Ursula von der Leyen l’a promis : l’Union européenne, face à la menace russe et la guerre en Ukraine, aura son commissaire à la Défense. Mais pour quoi faire ?
La réponse à cette question va dépendre à la fois de la personnalité du futur commissaire européen, et du portefeuille qu’il lui sera finalement attribué, jugent plusieurs experts.
Il n’y a ni armée, ni ministre de la Défense en Europe, mais Bruxelles s’occupe néanmoins d’industries de défense, particulièrement depuis le renforcement de la menace russe après l’annexion de la Crimée en 2014.
Ce domaine est actuellement sous la responsabilité de Thierry Breton, commissaire au marché intérieur, chargé des industries de défense. Ce dernier a cependant démissionné ce lundi 16 septembre matin.
L’arrivée d’un commissaire à la Défense pourrait donc se limiter à lui transférer les services actuellement gérés par l’ancien ministre français.

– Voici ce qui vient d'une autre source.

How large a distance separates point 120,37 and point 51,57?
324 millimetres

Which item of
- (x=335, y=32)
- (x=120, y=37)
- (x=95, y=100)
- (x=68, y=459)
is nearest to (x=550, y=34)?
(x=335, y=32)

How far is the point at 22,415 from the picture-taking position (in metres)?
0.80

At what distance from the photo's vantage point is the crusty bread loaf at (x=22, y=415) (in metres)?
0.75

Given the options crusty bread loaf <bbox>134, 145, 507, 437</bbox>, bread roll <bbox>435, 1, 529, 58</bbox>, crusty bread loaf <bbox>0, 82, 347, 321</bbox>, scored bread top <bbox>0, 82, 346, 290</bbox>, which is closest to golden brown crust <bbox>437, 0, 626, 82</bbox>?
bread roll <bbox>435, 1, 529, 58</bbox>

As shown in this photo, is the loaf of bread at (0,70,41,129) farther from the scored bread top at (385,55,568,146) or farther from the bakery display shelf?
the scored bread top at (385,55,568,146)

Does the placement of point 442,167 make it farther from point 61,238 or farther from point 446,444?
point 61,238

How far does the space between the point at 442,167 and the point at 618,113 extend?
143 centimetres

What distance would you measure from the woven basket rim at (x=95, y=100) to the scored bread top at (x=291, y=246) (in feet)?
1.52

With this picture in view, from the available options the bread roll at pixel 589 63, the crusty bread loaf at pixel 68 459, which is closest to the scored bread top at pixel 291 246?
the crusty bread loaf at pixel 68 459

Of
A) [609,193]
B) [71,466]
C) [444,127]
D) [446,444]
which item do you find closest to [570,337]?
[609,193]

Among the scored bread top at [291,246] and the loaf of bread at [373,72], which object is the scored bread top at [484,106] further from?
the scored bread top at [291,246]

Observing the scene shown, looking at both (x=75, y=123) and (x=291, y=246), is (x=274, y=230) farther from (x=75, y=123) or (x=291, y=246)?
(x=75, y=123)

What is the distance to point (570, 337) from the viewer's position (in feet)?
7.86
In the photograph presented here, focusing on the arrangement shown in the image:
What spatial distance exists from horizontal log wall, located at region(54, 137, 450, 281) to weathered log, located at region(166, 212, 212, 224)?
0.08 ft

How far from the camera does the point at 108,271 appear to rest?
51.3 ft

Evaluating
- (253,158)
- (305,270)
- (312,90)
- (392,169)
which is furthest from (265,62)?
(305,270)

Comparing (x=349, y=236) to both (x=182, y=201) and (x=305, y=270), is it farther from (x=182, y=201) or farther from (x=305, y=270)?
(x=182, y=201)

« C’est le modèle le plus vraisemblable parce qu’il n’y a pas de débats de compétence », remarque de ce point de vue Camille Grand, expert des questions de défense auprès du Conseil européen pour les Affaires étrangères (ECFR).

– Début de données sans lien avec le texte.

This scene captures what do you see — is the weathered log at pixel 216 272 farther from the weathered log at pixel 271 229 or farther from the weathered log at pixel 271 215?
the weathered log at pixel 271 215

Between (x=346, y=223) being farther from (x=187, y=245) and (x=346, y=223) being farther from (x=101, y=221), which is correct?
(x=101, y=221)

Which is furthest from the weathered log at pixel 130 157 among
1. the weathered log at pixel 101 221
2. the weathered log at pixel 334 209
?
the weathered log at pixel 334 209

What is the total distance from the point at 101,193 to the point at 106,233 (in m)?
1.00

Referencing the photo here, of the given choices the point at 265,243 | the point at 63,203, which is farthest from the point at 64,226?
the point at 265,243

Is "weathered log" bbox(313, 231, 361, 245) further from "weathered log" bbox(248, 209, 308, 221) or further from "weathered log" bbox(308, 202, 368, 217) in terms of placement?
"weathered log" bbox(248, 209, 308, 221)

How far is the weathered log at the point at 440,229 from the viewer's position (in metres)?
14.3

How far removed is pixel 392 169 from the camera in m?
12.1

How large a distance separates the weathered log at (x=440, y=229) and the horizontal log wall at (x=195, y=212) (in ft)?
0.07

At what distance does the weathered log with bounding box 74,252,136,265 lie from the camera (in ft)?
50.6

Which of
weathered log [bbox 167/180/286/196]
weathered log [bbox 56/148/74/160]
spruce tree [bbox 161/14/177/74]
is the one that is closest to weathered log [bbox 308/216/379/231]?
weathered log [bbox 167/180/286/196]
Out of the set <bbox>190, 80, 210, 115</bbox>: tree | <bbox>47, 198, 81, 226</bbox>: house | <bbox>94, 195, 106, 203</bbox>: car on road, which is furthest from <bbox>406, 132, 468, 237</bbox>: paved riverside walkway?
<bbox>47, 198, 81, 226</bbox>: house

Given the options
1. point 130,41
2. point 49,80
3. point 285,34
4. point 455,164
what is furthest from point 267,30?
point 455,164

Une deuxième option : on lui confie d’autres responsabilités comme la cyber-sécurité, la lutte contre la désinformation, les attaques hybrides, « pour épaissir » son portefeuille, explique encore Camille Grand.
Enfin, on va encore plus loin en lui attribuant certaines des compétences actuellement entre les mains du chef de la diplomatie européenne, ce qui est très loin d’être simple.
Le Haut représentant pour les Affaires étrangères, l’Espagnol Josep Borrell — et bientôt l’Estonienne Kaja Kallas nommée pour le remplacer avant la fin de l’année —, est également compétent pour les questions de défense.
L’Agence européenne de Défense, qui soutient entre autres l’innovation dans le secteur de l’armement, tombe sous la responsabilité du haut représentant, le HRVP en jargon bruxellois.
« Se battre »
Mme Kallas sera-t-elle prête à y renoncer au profit du futur commissaire à la Défense ? On l’imagine mal de la part de cette ancienne Première ministre de l’Estonie, un des plus solides alliés de l’Ukraine en Europe, jugent les experts.
Quelle que soit l’option finalement retenue, « il va devoir se battre », juge ainsi M. Grand en évoquant ce qui attend le futur commissaire à la Défense. « Il va avoir du mal à exister » entre Mme von der Leyen, ancienne ministre de la Défense, Mme Kallas, et M. Breton s’il devait conserver la haute main sur l’industrie en Europe, assure-t-il.
D’autant plus s’il est issu d’un « petit » pays de l’UE. « Je pense qu’il serait très difficile pour quelqu’un provenant d’un petit pays, même s’il est compétent, de mobiliser les ressources nécessaires pour faire de son poste un succès », prévient ainsi Ian Lesser, expert auprès du German Marshall Fund à Bruxelles.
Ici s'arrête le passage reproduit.